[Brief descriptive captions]
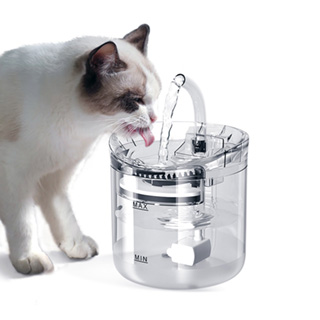 Fully Transparency Automatic Clear Cat Water Fountain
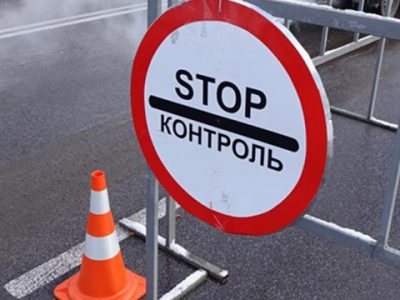 У деяких районах Київщини посилять заходи безпеки  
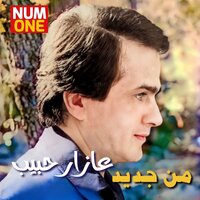 Tany Yawm - Azar Habib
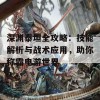 深渊泰坦全攻略：技能解析与战术应用，助你称霸电游世界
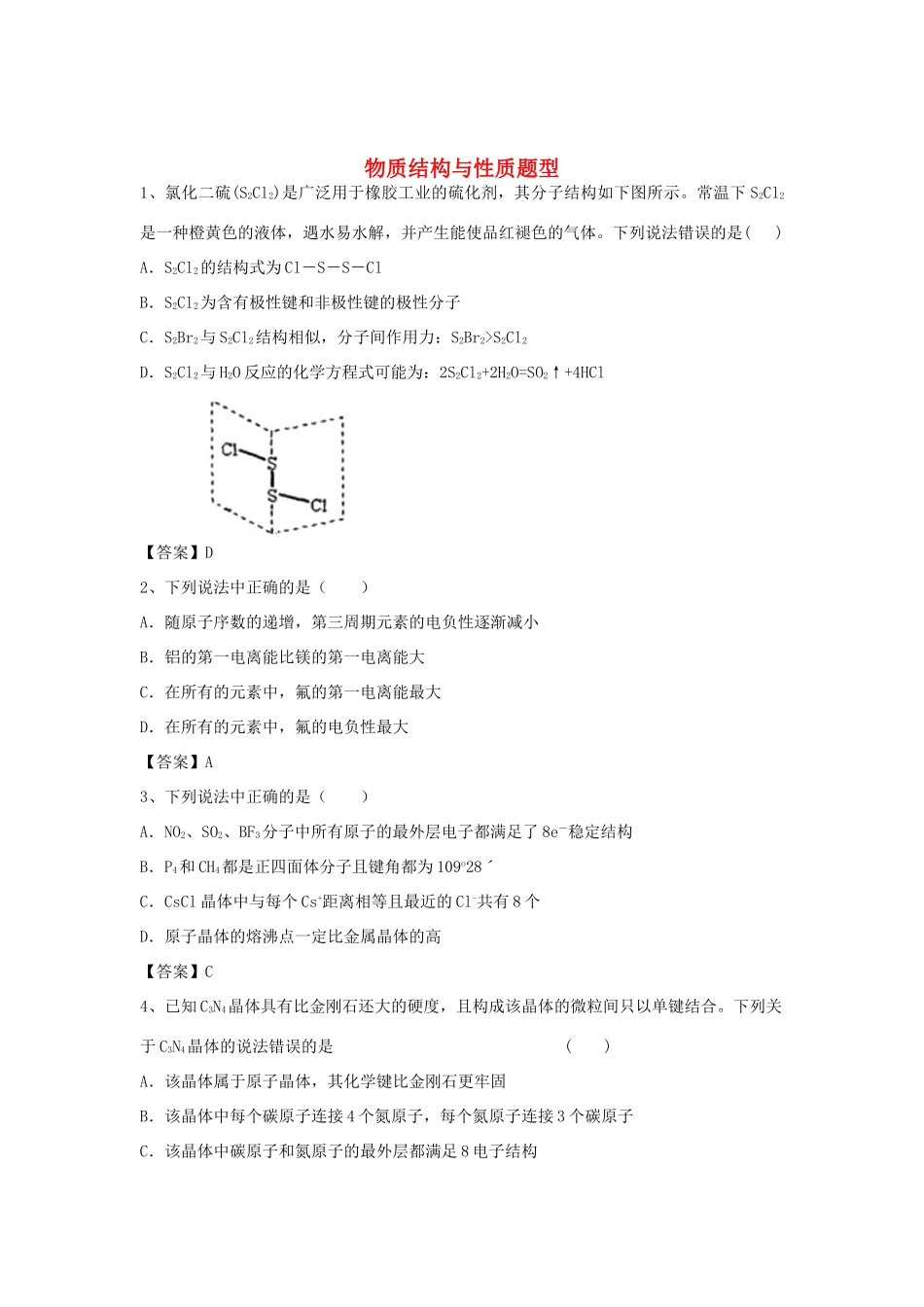 河南省信阳市二高高考化学二轮复习 专题14 物质结构与性质题型训练题（含解析）-人教版高三全册化学试题_第1页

> Aim of the task:
All entries should be given again exactly, except that pictures are to be excluded.

> Result below:
 Fully Transparency Automatic Clear Cat Water Fountain
 У деяких районах Київщини посилять заходи безпеки  
 Tany Yawm - Azar Habib
 深渊泰坦全攻略：技能解析与战术应用，助你称霸电游世界
 河南省信阳市二高高考化学二轮复习 专题14 物质结构与性质题型训练题（含解析）-人教版高三全册化学试题_第1页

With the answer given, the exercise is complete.